### Goal of the exercise
Transcribe the stretch of entries below from the line with "LEGO City Undercover" through the line with "2 шт./лот L9637D", exactly and with both ends included; leave out all other lines.

Scraped caption text data:
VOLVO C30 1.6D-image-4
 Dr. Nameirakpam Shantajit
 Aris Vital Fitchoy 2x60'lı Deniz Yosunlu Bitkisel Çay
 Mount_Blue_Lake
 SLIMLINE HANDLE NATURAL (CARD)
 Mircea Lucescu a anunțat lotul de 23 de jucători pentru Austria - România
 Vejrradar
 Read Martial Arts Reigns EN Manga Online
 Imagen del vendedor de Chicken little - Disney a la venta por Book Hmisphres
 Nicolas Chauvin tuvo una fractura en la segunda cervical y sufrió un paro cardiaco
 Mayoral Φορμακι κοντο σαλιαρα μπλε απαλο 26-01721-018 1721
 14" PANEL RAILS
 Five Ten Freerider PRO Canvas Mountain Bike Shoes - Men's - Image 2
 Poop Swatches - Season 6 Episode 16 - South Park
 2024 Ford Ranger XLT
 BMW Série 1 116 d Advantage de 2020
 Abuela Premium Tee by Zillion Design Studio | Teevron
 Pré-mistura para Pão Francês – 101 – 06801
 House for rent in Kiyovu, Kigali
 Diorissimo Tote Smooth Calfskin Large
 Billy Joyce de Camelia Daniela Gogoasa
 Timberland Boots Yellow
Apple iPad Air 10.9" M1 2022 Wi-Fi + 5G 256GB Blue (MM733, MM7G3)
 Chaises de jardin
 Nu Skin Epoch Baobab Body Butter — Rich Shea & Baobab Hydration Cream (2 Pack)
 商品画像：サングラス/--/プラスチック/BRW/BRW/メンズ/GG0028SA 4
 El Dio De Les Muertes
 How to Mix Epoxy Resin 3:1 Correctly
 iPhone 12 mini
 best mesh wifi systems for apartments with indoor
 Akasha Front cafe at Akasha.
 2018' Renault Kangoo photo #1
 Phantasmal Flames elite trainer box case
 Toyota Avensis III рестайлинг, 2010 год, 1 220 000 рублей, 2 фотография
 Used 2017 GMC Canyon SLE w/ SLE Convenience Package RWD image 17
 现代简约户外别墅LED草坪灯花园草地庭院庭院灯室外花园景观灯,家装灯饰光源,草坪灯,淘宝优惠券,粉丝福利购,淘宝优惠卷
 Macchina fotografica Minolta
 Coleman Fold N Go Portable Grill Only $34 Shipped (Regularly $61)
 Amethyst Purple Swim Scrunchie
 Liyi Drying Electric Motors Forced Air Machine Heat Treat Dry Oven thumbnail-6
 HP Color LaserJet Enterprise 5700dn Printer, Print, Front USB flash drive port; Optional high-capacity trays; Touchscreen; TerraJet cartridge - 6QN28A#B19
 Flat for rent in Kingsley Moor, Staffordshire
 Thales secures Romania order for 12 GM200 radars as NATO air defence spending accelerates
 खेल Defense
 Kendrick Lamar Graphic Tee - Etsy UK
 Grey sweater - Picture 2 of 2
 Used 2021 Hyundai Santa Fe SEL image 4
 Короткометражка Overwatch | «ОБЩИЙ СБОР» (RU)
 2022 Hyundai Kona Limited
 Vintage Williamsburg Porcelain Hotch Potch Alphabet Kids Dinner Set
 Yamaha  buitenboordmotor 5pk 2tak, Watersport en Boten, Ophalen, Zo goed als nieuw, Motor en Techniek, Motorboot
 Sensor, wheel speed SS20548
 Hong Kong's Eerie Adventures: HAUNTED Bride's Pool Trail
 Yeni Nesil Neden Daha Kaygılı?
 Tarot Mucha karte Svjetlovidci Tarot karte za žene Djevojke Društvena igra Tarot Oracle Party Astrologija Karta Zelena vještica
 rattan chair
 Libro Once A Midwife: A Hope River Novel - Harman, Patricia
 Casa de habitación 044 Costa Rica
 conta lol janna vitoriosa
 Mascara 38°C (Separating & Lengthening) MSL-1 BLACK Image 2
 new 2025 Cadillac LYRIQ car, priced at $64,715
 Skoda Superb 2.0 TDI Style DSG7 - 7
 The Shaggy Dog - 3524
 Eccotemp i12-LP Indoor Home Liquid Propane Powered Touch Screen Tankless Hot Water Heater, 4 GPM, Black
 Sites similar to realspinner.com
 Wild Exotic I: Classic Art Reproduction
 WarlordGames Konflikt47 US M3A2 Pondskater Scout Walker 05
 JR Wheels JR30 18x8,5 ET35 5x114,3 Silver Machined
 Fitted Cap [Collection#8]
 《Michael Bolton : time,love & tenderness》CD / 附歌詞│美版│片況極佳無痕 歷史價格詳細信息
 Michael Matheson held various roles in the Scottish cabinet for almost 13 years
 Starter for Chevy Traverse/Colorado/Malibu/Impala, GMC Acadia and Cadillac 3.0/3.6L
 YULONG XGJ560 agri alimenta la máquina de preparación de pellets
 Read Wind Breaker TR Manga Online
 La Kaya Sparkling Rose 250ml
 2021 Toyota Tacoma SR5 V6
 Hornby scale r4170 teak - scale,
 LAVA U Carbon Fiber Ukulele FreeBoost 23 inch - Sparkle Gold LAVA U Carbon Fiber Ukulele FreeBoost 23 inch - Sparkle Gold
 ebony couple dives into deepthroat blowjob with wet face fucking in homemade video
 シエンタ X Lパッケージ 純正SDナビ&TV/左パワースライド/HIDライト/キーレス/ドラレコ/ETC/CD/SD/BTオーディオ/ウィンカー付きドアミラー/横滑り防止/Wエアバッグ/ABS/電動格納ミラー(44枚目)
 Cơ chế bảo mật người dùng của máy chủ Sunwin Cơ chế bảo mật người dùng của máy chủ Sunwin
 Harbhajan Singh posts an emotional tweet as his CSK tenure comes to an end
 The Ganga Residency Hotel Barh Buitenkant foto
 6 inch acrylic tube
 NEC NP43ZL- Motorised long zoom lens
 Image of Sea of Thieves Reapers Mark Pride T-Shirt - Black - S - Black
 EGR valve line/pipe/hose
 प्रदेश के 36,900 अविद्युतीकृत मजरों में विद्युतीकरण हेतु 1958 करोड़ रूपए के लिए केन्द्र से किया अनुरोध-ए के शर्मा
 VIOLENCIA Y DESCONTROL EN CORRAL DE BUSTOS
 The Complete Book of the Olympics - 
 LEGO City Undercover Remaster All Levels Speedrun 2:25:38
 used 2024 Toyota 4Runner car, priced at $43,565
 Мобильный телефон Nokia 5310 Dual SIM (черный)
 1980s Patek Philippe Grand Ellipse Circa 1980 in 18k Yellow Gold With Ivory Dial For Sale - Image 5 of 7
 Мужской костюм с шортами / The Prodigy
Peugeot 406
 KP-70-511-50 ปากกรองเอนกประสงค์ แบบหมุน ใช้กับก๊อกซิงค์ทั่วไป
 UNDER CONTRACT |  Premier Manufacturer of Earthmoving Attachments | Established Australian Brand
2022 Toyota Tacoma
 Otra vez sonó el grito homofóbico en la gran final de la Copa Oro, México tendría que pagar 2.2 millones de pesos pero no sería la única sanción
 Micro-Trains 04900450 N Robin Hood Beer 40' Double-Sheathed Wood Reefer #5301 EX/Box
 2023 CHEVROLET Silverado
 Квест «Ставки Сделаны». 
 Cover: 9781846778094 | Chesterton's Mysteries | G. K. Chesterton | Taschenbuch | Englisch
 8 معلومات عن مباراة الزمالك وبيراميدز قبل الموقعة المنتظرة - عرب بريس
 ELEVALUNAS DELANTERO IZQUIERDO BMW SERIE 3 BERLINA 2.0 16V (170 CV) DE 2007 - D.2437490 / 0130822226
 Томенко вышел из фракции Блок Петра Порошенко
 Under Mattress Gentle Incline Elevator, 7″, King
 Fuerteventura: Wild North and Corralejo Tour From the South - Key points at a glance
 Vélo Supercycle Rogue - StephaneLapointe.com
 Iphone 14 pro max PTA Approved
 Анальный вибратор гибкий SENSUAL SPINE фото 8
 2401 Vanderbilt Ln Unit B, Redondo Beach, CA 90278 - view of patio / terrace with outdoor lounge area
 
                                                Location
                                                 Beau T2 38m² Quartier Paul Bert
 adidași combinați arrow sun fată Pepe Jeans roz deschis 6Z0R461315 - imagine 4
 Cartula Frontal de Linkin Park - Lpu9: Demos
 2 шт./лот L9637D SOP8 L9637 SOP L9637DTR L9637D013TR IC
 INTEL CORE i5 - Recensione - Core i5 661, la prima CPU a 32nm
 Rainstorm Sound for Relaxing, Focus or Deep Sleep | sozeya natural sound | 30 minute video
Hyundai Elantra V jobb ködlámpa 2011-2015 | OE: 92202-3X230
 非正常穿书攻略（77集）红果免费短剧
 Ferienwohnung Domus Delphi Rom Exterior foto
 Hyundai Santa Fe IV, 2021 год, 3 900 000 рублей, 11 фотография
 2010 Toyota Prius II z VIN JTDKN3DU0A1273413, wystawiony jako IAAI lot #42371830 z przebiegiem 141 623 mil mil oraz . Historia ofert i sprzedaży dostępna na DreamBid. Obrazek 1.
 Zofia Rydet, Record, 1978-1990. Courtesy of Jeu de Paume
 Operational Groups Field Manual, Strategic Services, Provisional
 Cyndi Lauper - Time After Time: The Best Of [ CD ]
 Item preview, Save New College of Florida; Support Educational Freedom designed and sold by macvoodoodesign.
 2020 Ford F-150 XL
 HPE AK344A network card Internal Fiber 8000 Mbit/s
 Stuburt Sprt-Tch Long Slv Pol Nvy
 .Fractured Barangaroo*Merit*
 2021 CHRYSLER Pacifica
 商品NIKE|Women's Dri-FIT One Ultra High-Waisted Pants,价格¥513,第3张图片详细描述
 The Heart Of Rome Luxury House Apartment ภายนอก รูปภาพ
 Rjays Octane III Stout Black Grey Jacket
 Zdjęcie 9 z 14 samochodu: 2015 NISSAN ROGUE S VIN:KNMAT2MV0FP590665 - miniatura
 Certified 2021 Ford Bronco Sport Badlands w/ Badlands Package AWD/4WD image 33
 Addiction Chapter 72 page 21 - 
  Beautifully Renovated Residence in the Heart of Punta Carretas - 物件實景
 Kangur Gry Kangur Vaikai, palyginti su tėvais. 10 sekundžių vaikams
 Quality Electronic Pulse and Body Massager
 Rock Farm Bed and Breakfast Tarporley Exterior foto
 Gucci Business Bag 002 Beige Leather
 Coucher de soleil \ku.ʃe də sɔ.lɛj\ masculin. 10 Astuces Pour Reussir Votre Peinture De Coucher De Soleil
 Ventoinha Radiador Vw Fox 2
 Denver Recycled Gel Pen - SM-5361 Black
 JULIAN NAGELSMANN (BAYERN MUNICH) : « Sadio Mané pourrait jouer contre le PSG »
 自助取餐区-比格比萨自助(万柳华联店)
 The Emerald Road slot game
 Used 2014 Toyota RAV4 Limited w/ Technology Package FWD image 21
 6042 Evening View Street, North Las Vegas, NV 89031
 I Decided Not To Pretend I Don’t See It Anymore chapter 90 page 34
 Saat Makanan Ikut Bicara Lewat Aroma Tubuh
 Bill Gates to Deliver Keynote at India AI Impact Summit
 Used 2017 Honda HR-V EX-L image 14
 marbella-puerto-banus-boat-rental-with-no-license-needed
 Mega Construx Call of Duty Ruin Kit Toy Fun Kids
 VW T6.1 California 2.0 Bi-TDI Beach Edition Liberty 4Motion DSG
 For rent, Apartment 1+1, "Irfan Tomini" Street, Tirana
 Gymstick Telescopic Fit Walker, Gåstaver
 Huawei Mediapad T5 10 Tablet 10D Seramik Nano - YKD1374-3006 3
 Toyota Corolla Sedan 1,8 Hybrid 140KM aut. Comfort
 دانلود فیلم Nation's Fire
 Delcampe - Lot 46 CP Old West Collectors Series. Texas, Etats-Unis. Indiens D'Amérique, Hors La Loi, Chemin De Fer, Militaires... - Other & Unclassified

### Reply to the task
 LEGO City Undercover Remaster All Levels Speedrun 2:25:38
 used 2024 Toyota 4Runner car, priced at $43,565
 Мобильный телефон Nokia 5310 Dual SIM (черный)
 1980s Patek Philippe Grand Ellipse Circa 1980 in 18k Yellow Gold With Ivory Dial For Sale - Image 5 of 7
 Мужской костюм с шортами / The Prodigy
Peugeot 406
 KP-70-511-50 ปากกรองเอนกประสงค์ แบบหมุน ใช้กับก๊อกซิงค์ทั่วไป
 UNDER CONTRACT |  Premier Manufacturer of Earthmoving Attachments | Established Australian Brand
2022 Toyota Tacoma
 Otra vez sonó el grito homofóbico en la gran final de la Copa Oro, México tendría que pagar 2.2 millones de pesos pero no sería la única sanción
 Micro-Trains 04900450 N Robin Hood Beer 40' Double-Sheathed Wood Reefer #5301 EX/Box
 2023 CHEVROLET Silverado
 Квест «Ставки Сделаны». 
 Cover: 9781846778094 | Chesterton's Mysteries | G. K. Chesterton | Taschenbuch | Englisch
 8 معلومات عن مباراة الزمالك وبيراميدز قبل الموقعة المنتظرة - عرب بريس
 ELEVALUNAS DELANTERO IZQUIERDO BMW SERIE 3 BERLINA 2.0 16V (170 CV) DE 2007 - D.2437490 / 0130822226
 Томенко вышел из фракции Блок Петра Порошенко
 Under Mattress Gentle Incline Elevator, 7″, King
 Fuerteventura: Wild North and Corralejo Tour From the South - Key points at a glance
 Vélo Supercycle Rogue - StephaneLapointe.com
 Iphone 14 pro max PTA Approved
 Анальный вибратор гибкий SENSUAL SPINE фото 8
 2401 Vanderbilt Ln Unit B, Redondo Beach, CA 90278 - view of patio / terrace with outdoor lounge area
 
                                                Location
                                                 Beau T2 38m² Quartier Paul Bert
 adidași combinați arrow sun fată Pepe Jeans roz deschis 6Z0R461315 - imagine 4
 Cartula Frontal de Linkin Park - Lpu9: Demos
 2 шт./лот L9637D SOP8 L9637 SOP L9637DTR L9637D013TR IC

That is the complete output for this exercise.